__PROBLEM TO SOLVE__
Begin at the line below that holds "House for sale in Haddenham, Buckinghamshire" and end at the line that holds "1933 Pontiac Sedan 16", transcribing each line exactly and skipping any picture.

__RECORDS PROVIDED__
-=-=-
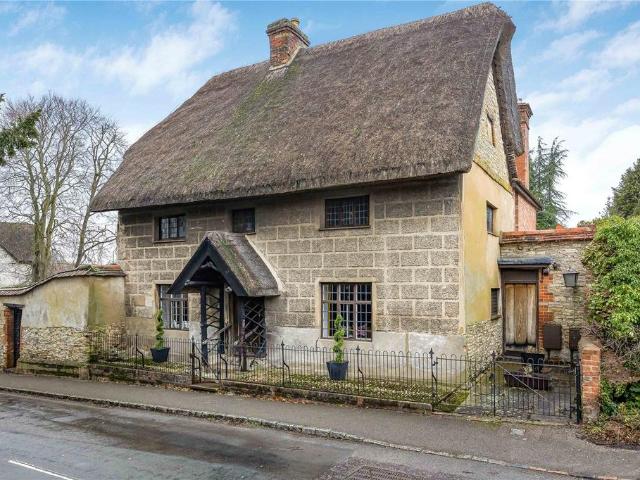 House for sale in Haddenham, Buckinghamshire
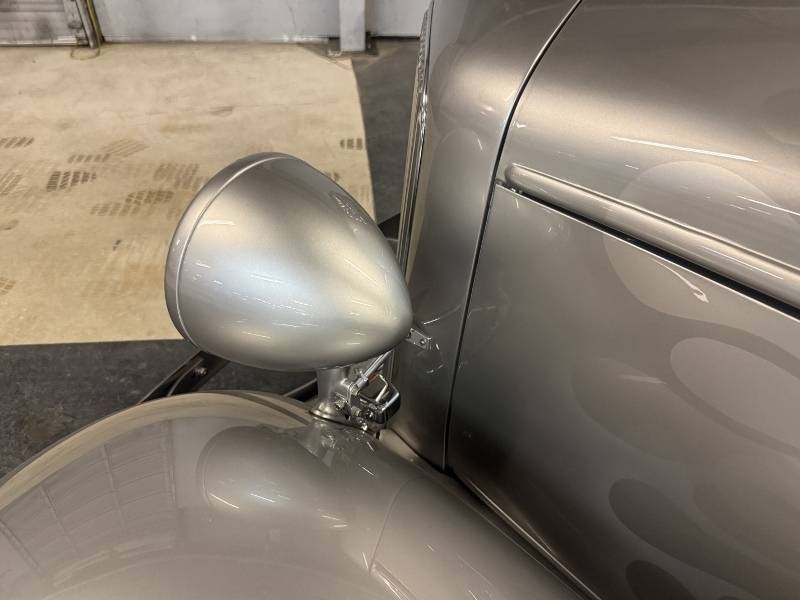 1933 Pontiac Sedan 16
-=-=-
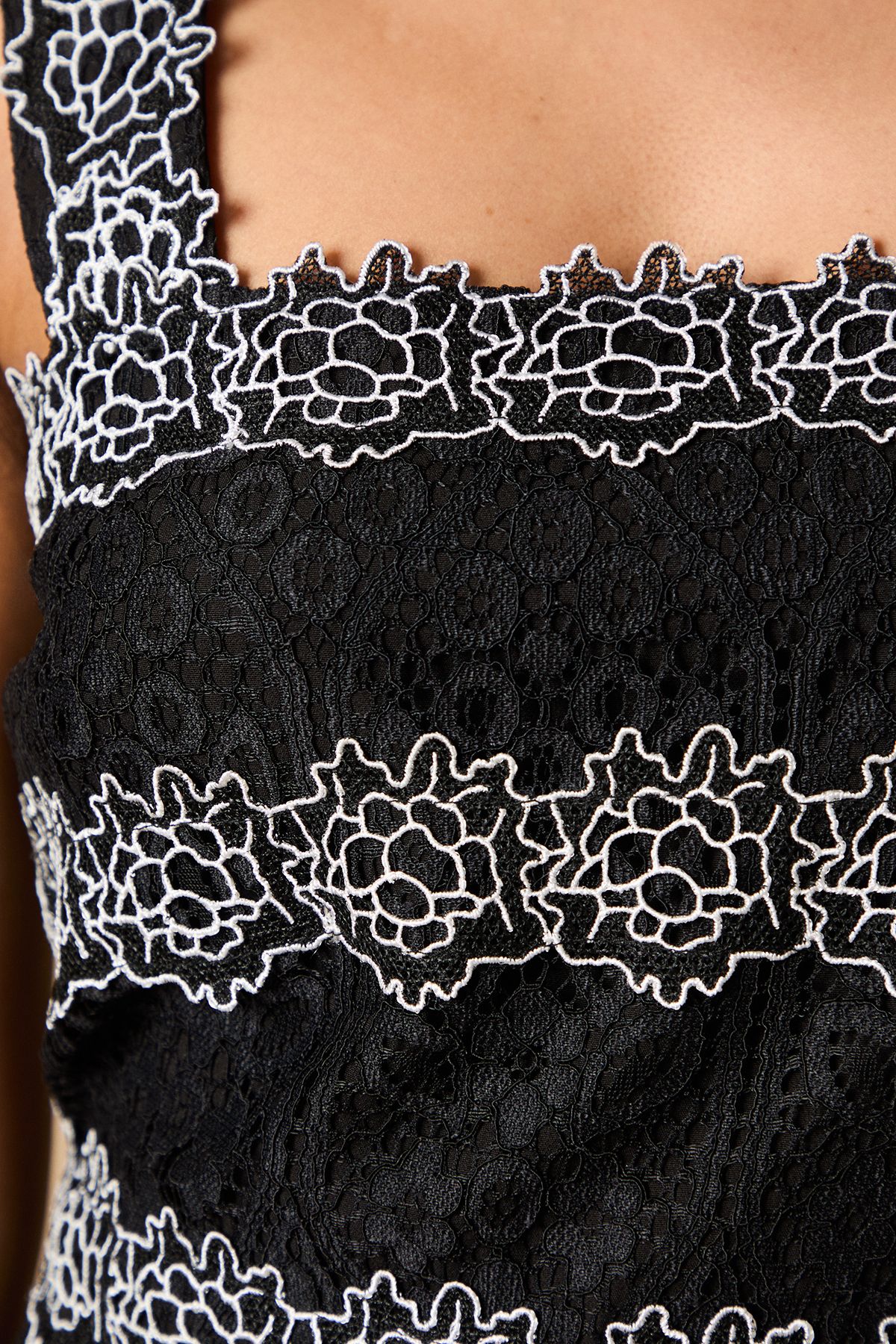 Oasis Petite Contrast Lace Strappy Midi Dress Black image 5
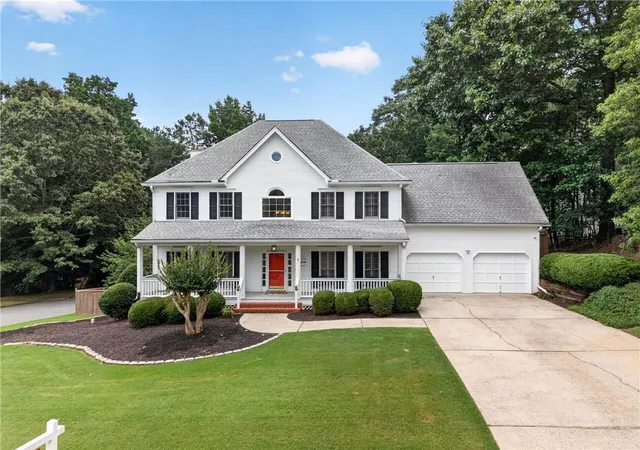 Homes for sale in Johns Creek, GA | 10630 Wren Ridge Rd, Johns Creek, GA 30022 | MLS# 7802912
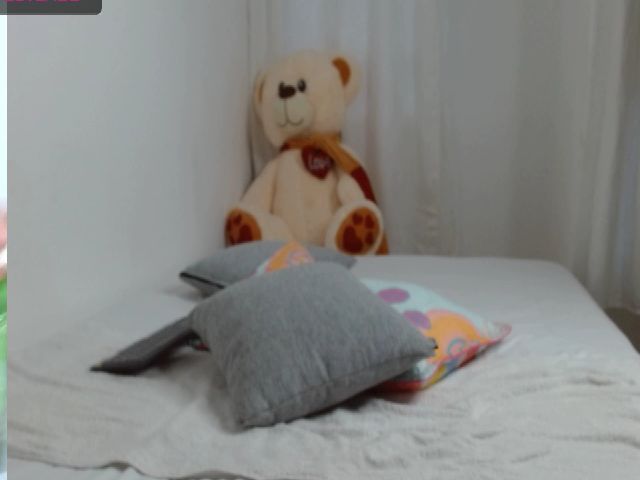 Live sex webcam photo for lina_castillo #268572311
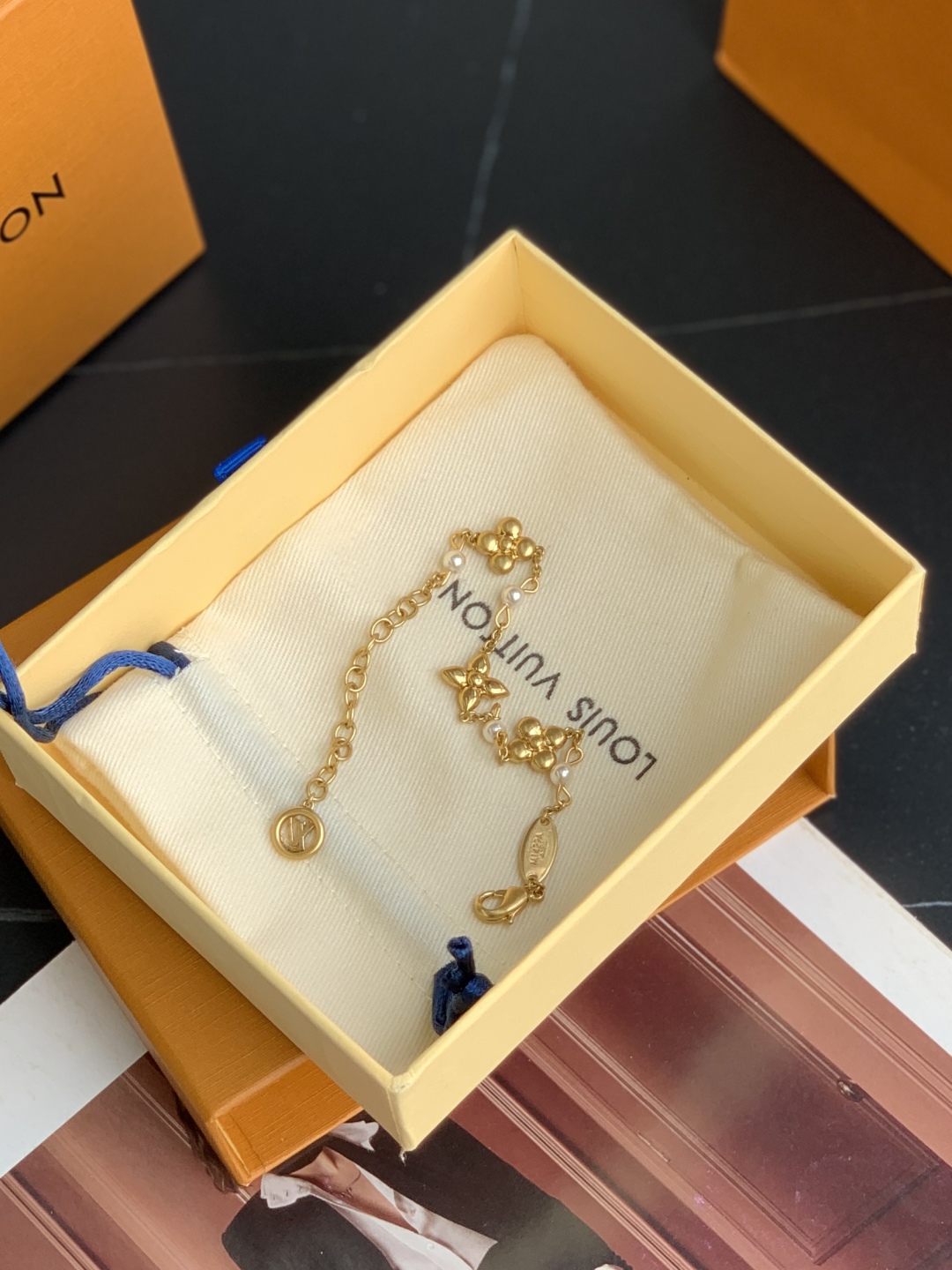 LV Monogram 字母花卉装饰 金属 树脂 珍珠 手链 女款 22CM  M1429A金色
-=-=-
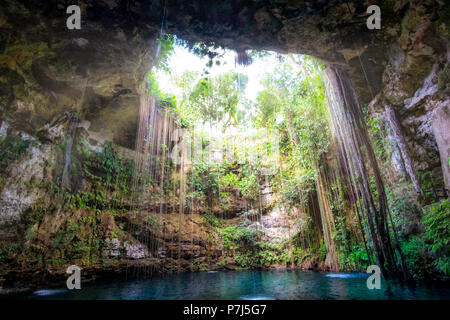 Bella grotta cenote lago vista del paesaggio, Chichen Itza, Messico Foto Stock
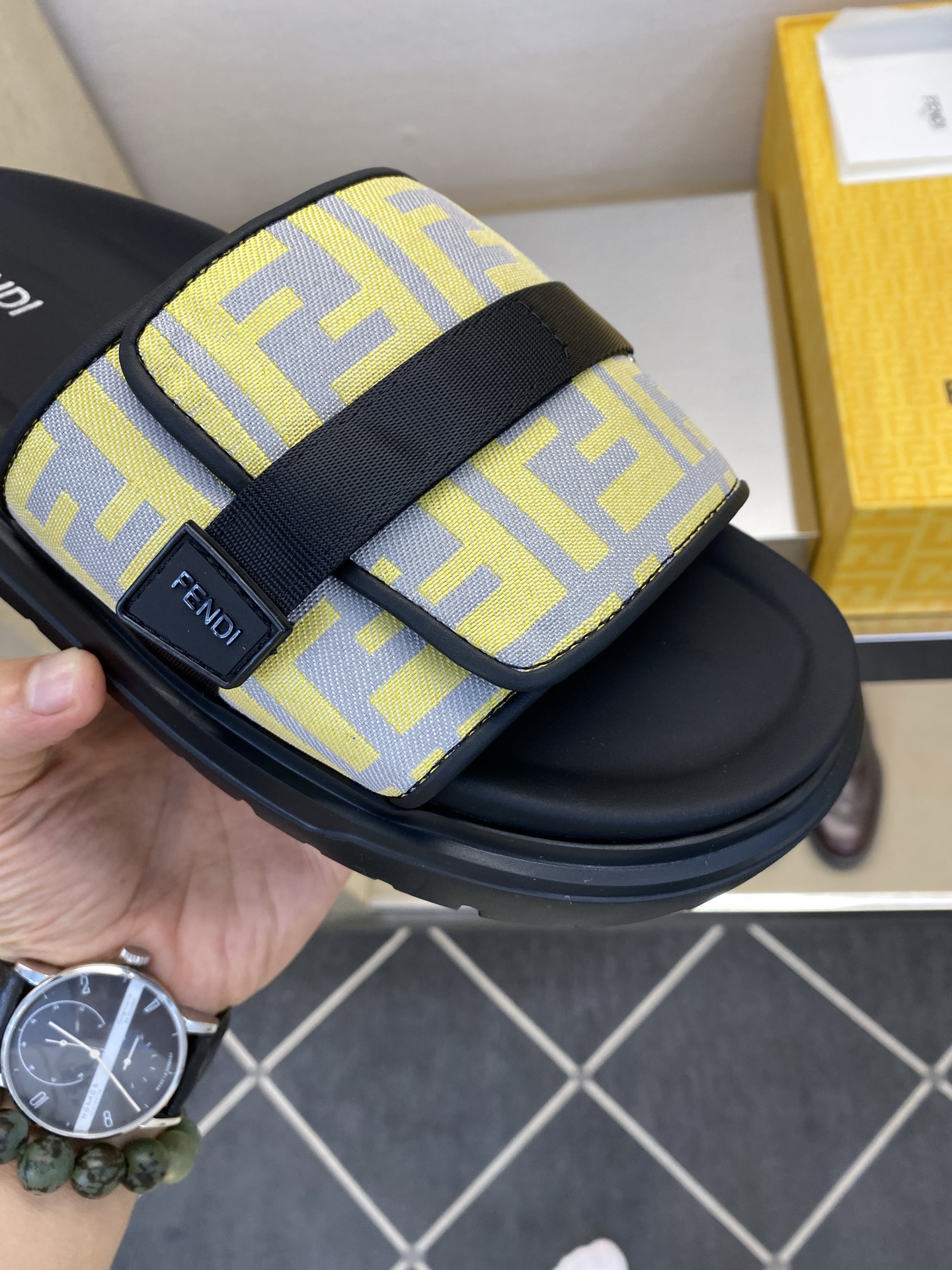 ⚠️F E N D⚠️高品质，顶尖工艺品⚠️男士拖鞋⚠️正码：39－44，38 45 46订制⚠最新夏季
-=-=-
__ANSWER FOR THIS EXERCISE__
 House for sale in Haddenham, Buckinghamshire
 1933 Pontiac Sedan 16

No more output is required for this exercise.